Ankita J. Sachla scite author profile

Cell physiology relies on metalloenzymes and can be easily disrupted by imbalances in metal ion pools. Bacillus subtilis requires manganese for growth and has highly regulated mechanisms for import and efflux that help maintain homeostasis. Cells defective for manganese (Mn) efflux are highly sensitive to intoxication, but the processes impaired by Mn excess are often unknown. Here, we employed a forward genetics approach to identify pathways affected by manganese intoxication.
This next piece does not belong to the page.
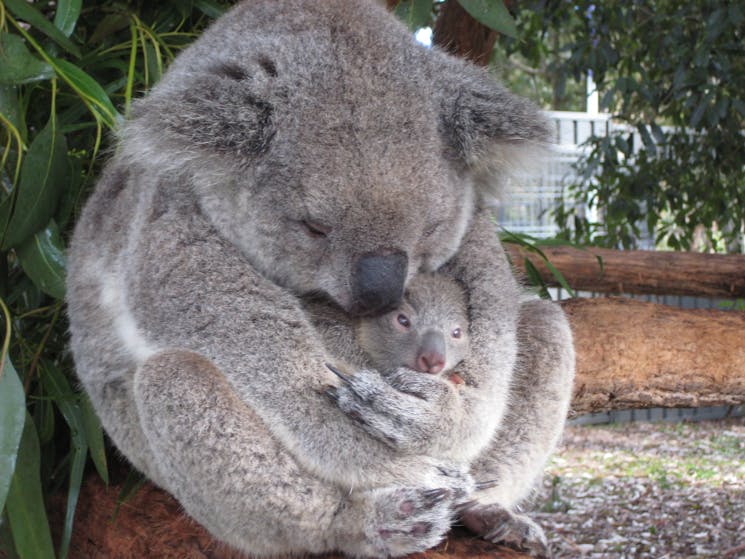 Bonny and her joey at Port Macquarie Koala Hospital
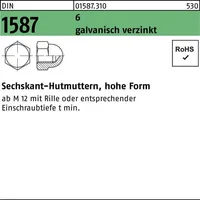 F. REYHER Nchfg. GmbH & Co. KG Sechskanthutmutter DIN 1587 M4 100 Stück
Our results highlight a central role for the membrane‐localized electron transport chain in metal intoxication during aerobic growth. In the presence of elevated manganese, there is an increased generation of reactive radical species associated with dysfunction of the major terminal oxidase, the cytochrome aa3 heme‐copper menaquinol oxidase (QoxABCD). Intoxication is suppressed by diversion of menaquinol to alternative oxidases or by a mutation affecting heme A synthesis that is known to convert QoxABCD from an aa3 to a bo3‐type oxidase. Manganese sensitivity is also reduced by derepression of the MhqR regulon, which protects cells against reactive quinones. These results suggest that dysfunction of the cytochrome aa3‐type quinol oxidase contributes to metal‐induced intoxication.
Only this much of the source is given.